[LSF/MM TOPIC] Rethinking NUMA

* [LSF/MM TOPIC] Rethinking NUMA
@ 2018-01-28  7:18 Anshuman Khandual
  0 siblings, 0 replies; only message in thread
From: Anshuman Khandual @ 2018-01-28  7:18 UTC (permalink / raw)
  To: lsf-pc, linux-mm
  Cc: Vlastimil Babka, Michal Hocko, Michal Hocko, Mel Gorman,
	Andrew Morton, Jerome Glisse, John Hubbard, Dave Hansen,
	Dan Williams, Ross Zwisler, Kogut, Jaroslaw

In last couple of years, after going through various patch series
related to HMM, HMM-CDM, NUMA CDM, ACPI HMAT representation in sysfs
etc,it is the right time to take a closer look at existing NUMA
representation and how it can evolve in the long term to accommodate
coherent memory with multiple attributes. There are various possible
directions which need to be discussed, evaluated and try build a
consensus among all stakeholders in the community. This is an attempt
to kick start that discussion around the topic.

People:

Mel Gorman <mgorman@suse.de>
Michal Hocko <mhocko@kernel.org>
Vlastimil Babka <vbabka@suse.cz>
Jerome Glisse <jglisse@redhat.com>
John Hubbard <jhubbard@nvidia.com>
Dave Hansen <dave.hansen@intel.com>
Ross Zwisler <ross.zwisler@linux.intel.com>

Process Address Space Evolution
===============================

Different attribute based memory mapped into the process address space
will give new capabilities and opportunities which were never possible
before.

1. Explore new programming and problem solving capabilities
2. Save energy with big working set which is resident longer but
   accessed rarely
3. Optimal placement of data structures depending upon various user
   space requirements like access speed (latency or bandwidth) and
   residency time span etc

With advent of new attribute based memory this is inevitable in the
long run.

Mapping Attribute Memory Into Process Address Space
===================================================

Attribute memory can be mapped into any process address space through
it's page table in two distinct ways with their own advantages and
disadvantages.

1. Device Driver

a. Driver is required, kernel is not aware about it's presence at all
b. Driver manages allocation/free into attribute memory not the kernel
c. Driver loading and initialization of attribute memory is required
d. User specifies the required attributes through ioctl flags
e. Lower level of integration into MM, hence less features available

2. Core MM system calls

a. No driver is required, its integrated into kernel
b. Kernel manages allocation/free for the attribute memory
c. Driver loading and initialization is not required
d. User specifies the attributes through system call flags
e.

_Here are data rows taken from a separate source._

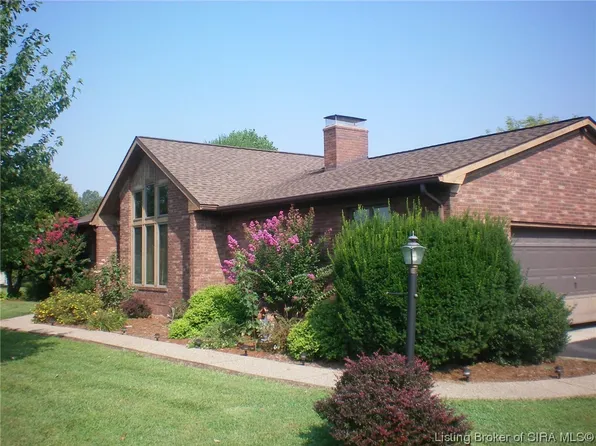 3700 Stone Ridge Way NE, Corydon, IN 47112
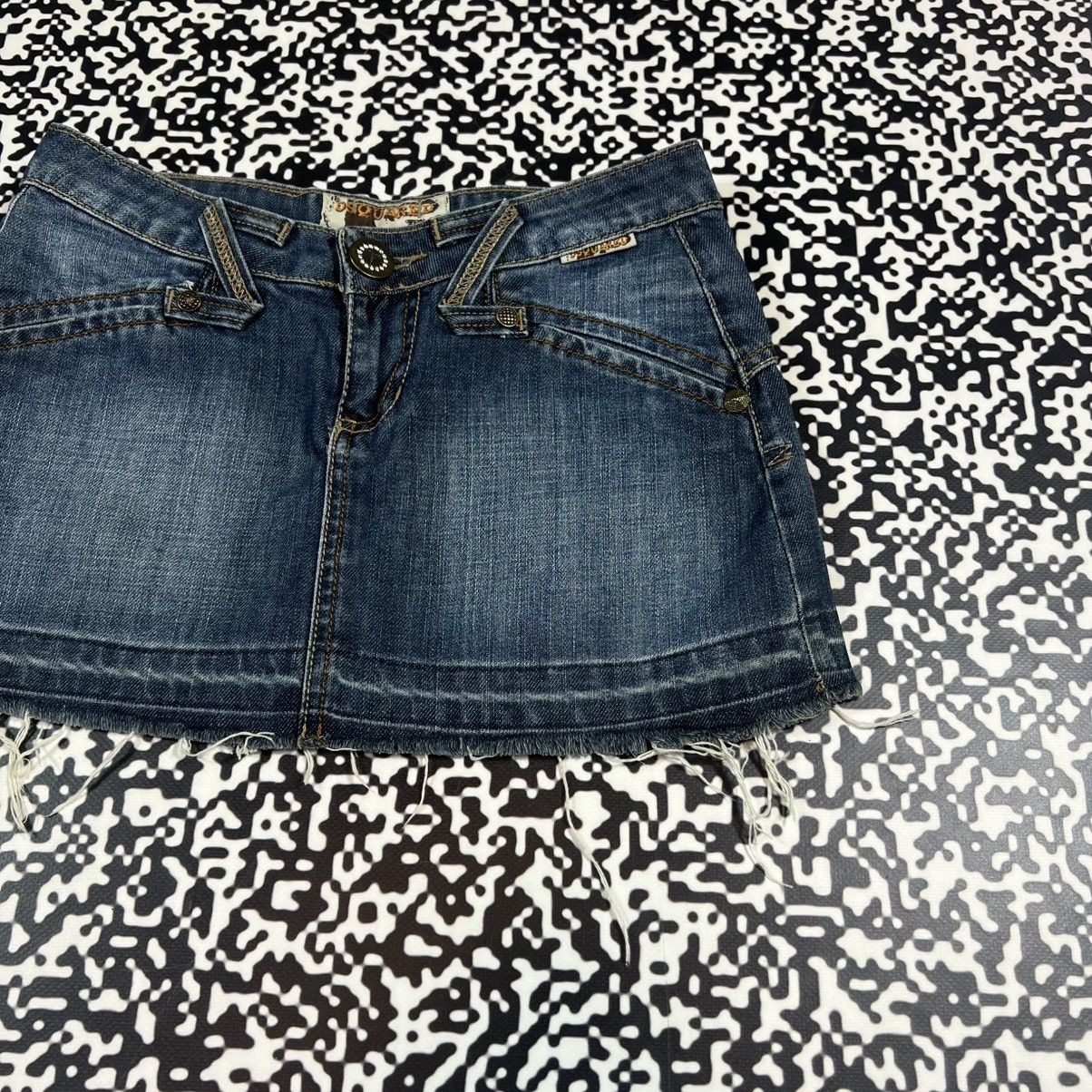 Dsquared2 Vintage 90s Dsquared 2 Luxury Denim Mini Skirt Y2K Style Size 26" / US 2 / IT 38 - 12 Thumbnail
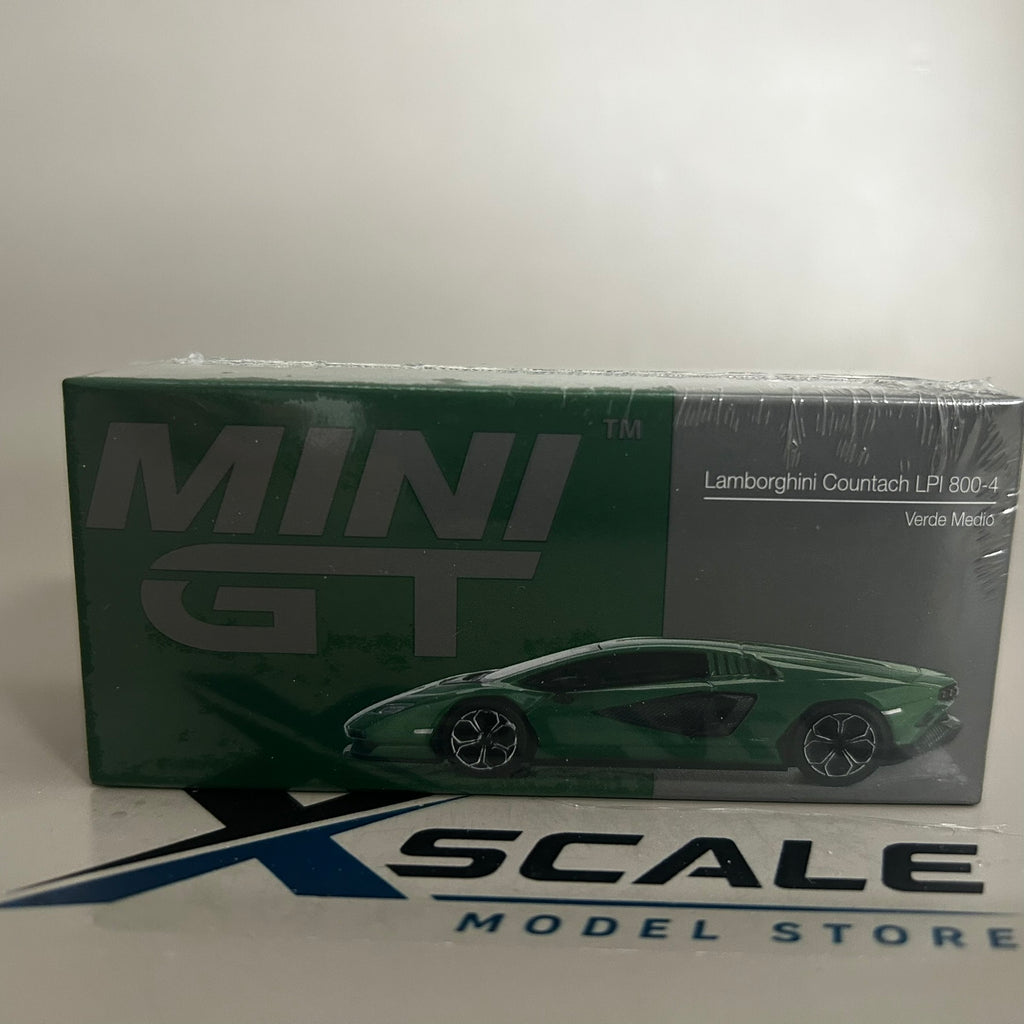 Mini GT 1/64 #976 Lamborghini Countach LPI 800-4 Green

Higher integration into MM, hence more features applicable

A. Driver IOCTL Mapping
=======================

If we are going in this direction where device driver manages everything

1. Nothing else needs to be done in kernel

2. Moreover HMM and HMM-CDM solutions provides more functionality like
   migration etc along with better integration with core MM through
   ZONE_DEVICE

Why this is not a long term solution

1. Passing over different attribute memory representation to drivers

2. Kernel relinquishing it's responsibilities to device drivers

3. Multiple attribute memory provided by multiple device vendors will
   have their own drivers and the user space will have to deal with all
   these drivers to get different memory which is neither optimal nor
   elegant

4. Interoperability between these memory or with system RAM like
   migration will be complicated as all of drivers need to export
   supporting functions

5. HMM, HMM-CDM or any traditional driver based solutions had a bit
   complication because there was a need to have a device driver which
   sometimes was a closed source one to manage the device itself. So the
   proposition that driver should also take care of the memory as well
   was somewhat logical and justified

But going forward when these devices will be managed by open source
drivers and their memory available for representation in the kernel
then that argument just goes away. Like any other memory, kernel will
have to represent this attribute memory and can no longer hand over
the responsibility to device drivers.

B. MM System Calls 
==================

B.1 Attribute Memory as distinct NUMA nodes:
--------------------------------------------

User space can access any attribute memory with simply doing mbind
(MPOL_BIND...) after identifying the right node. There will be sysfs
interface which will help. The view of memory attributes will be two
dimensional. Each broadly will have these kind of attribute values.
Accuracy and completeness of this list can be debated later and
agreed upon.

1. Bandwidth
2. Latency
3. Reliability
4. Power
5. Density

More over these attributes can be 'as seen from' different compute
nodes having CPUs. This will require a two dimensional structure of
attribute values to be exported for user space. IIUC, HMAT export
because of the new ACPI standard was one such attempt.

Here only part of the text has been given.